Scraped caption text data
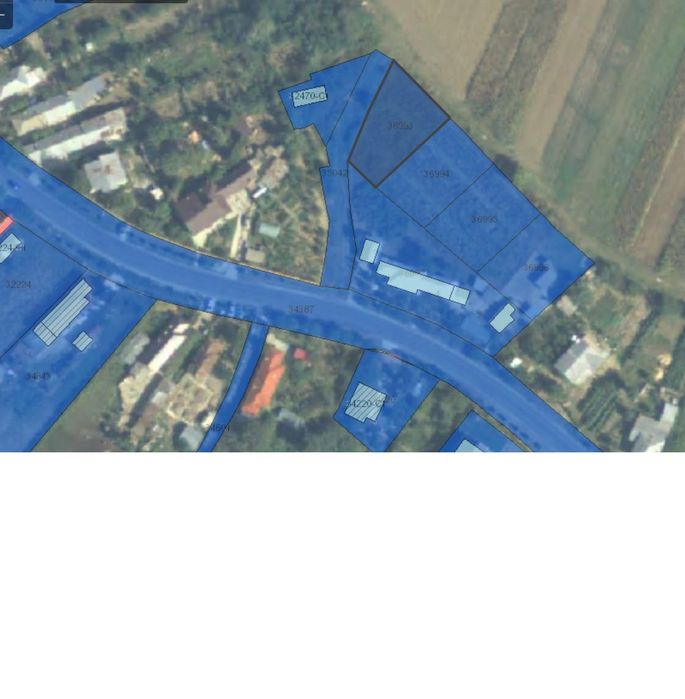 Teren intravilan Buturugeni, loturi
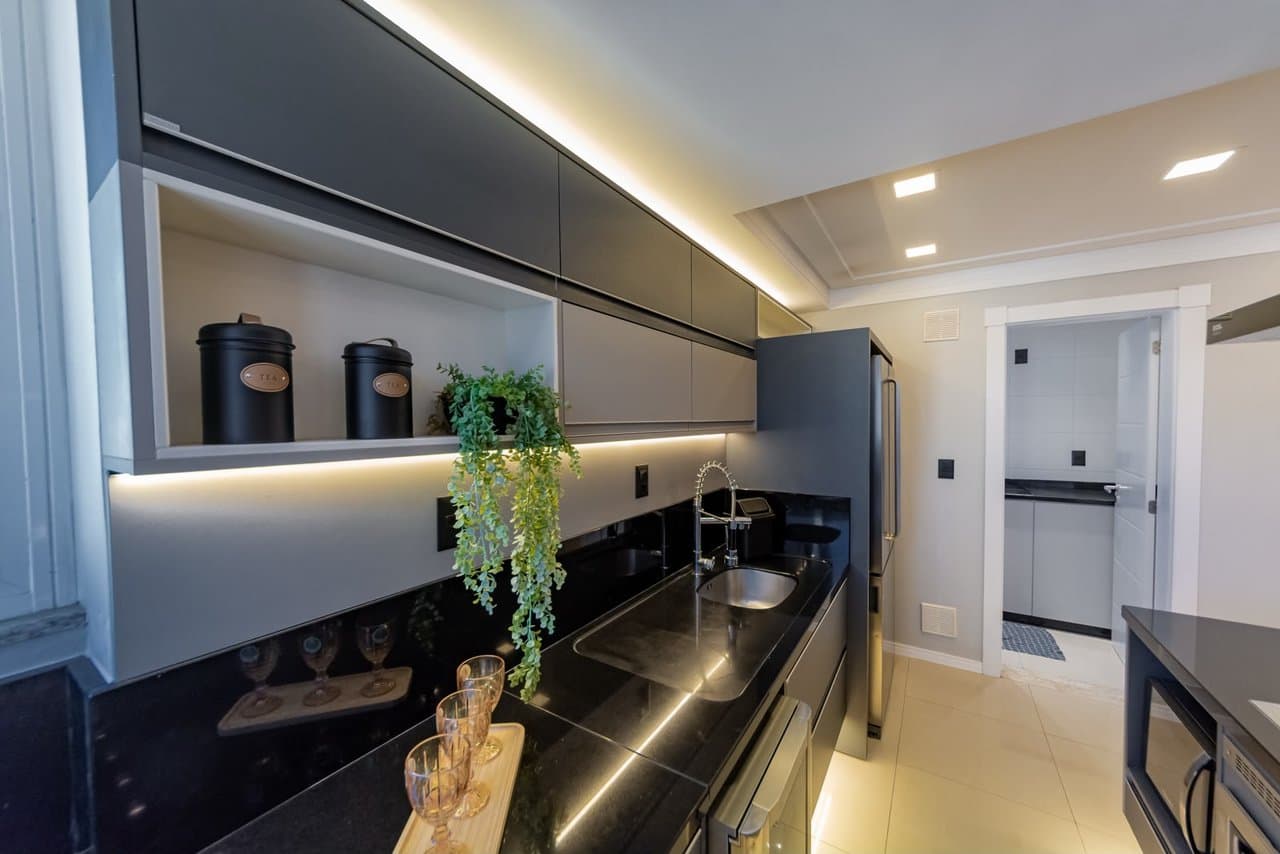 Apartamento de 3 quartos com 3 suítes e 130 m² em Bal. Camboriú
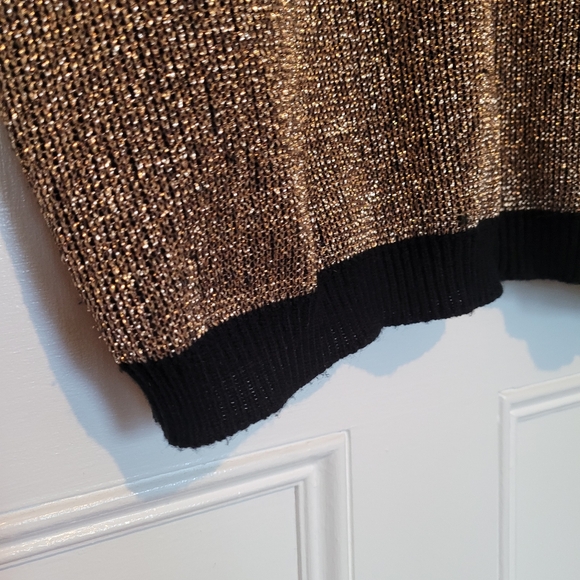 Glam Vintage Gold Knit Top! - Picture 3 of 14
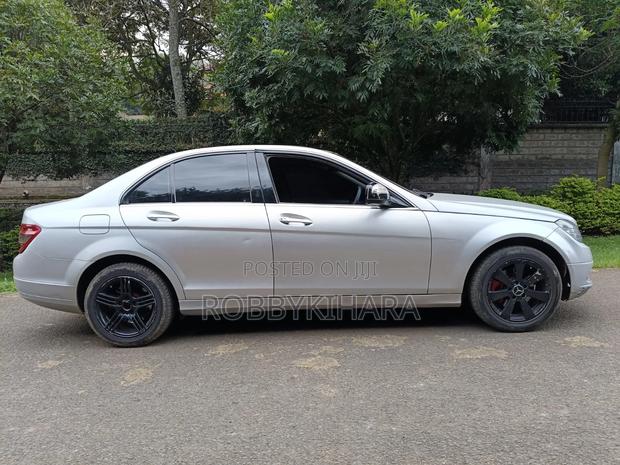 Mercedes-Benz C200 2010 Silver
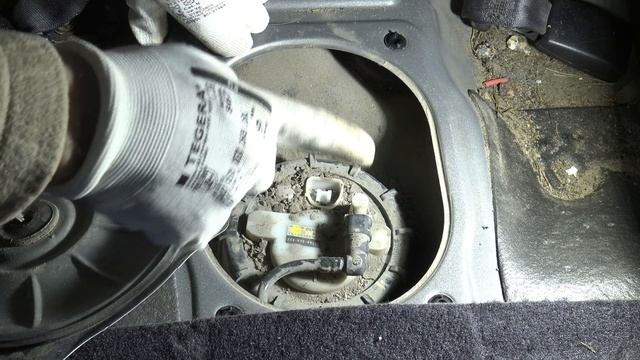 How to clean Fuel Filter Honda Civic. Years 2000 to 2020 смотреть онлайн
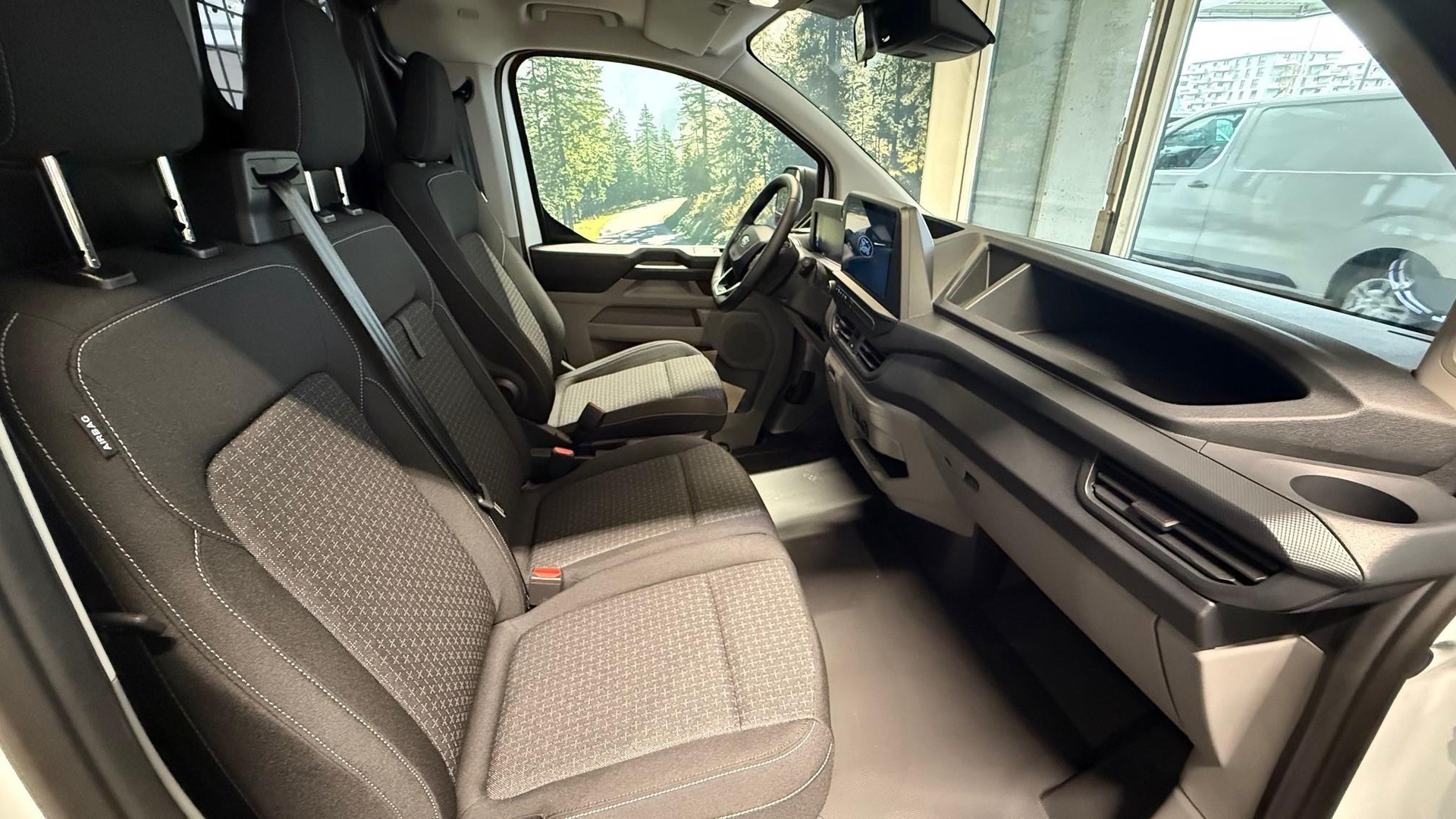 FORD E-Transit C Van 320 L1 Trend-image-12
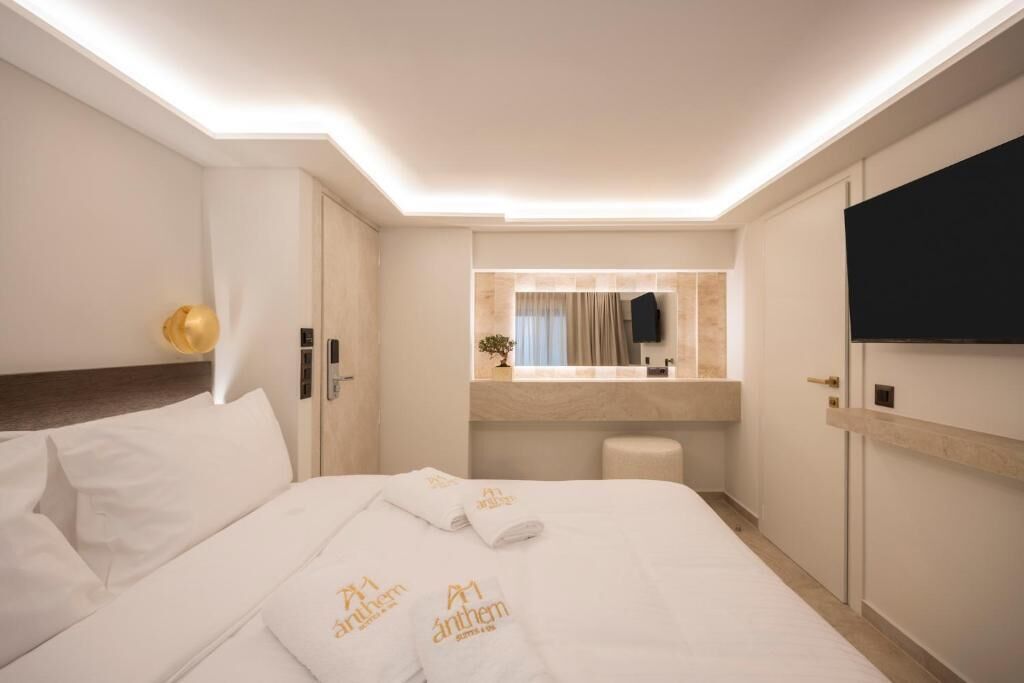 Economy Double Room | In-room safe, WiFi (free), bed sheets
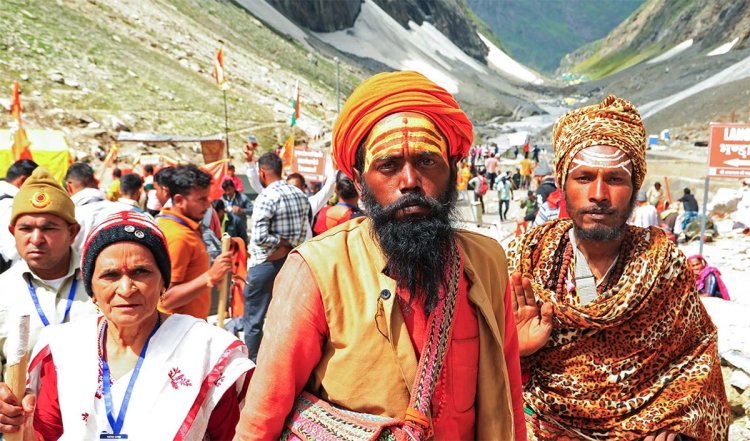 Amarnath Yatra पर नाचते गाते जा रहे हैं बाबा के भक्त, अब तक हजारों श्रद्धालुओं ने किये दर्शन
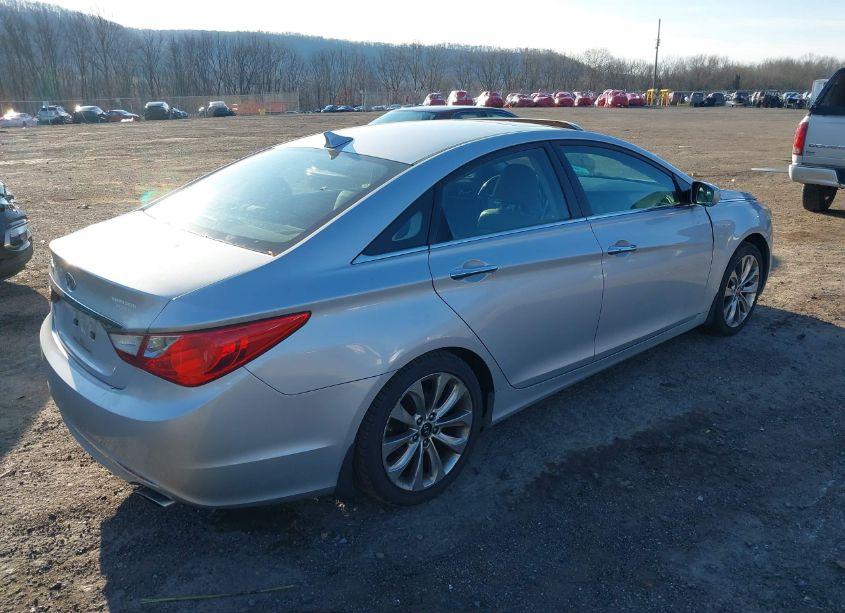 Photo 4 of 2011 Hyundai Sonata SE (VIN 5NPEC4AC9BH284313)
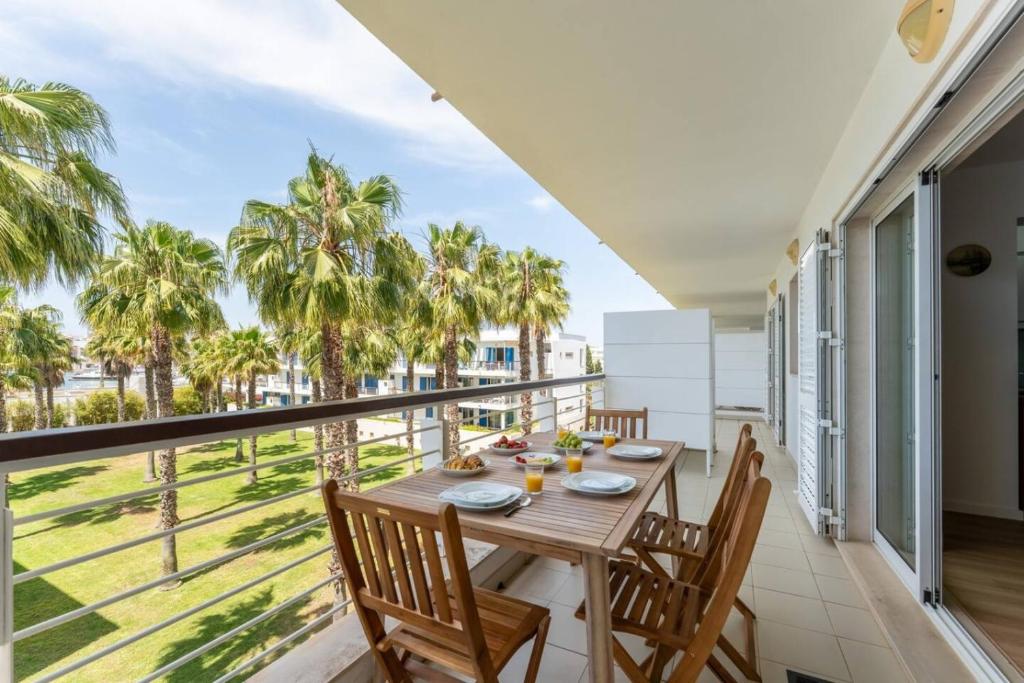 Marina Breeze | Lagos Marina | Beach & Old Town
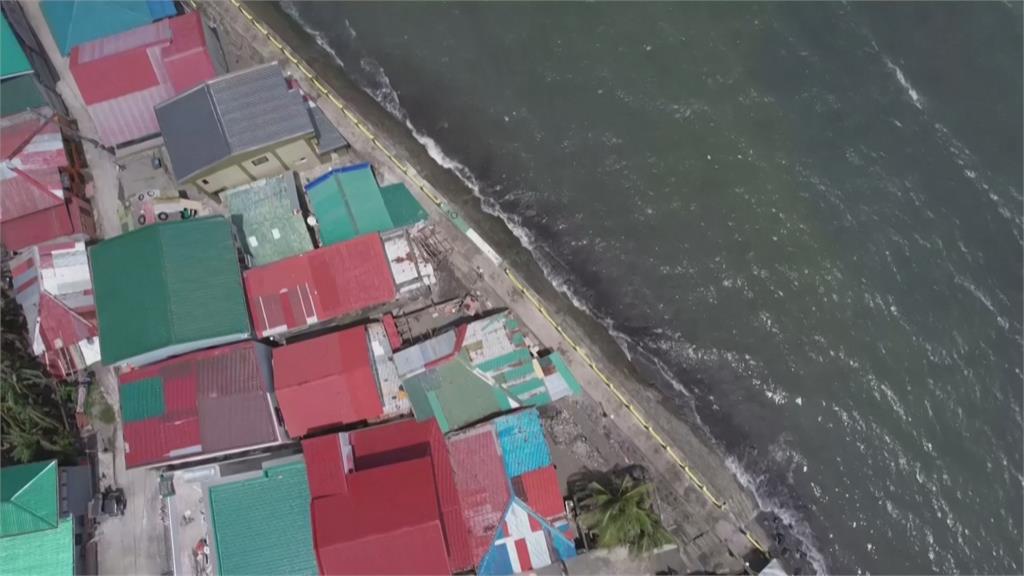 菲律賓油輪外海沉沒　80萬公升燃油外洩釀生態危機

What you are asked to do
Give the entries again, exactly and in full, with no image included.

Response area
 Teren intravilan Buturugeni, loturi
 Apartamento de 3 quartos com 3 suítes e 130 m² em Bal. Camboriú
 Glam Vintage Gold Knit Top! - Picture 3 of 14
 Mercedes-Benz C200 2010 Silver
 How to clean Fuel Filter Honda Civic. Years 2000 to 2020 смотреть онлайн
 FORD E-Transit C Van 320 L1 Trend-image-12
 Economy Double Room | In-room safe, WiFi (free), bed sheets
 Amarnath Yatra पर नाचते गाते जा रहे हैं बाबा के भक्त, अब तक हजारों श्रद्धालुओं ने किये दर्शन
 Photo 4 of 2011 Hyundai Sonata SE (VIN 5NPEC4AC9BH284313)
 Marina Breeze | Lagos Marina | Beach & Old Town
 菲律賓油輪外海沉沒　80萬公升燃油外洩釀生態危機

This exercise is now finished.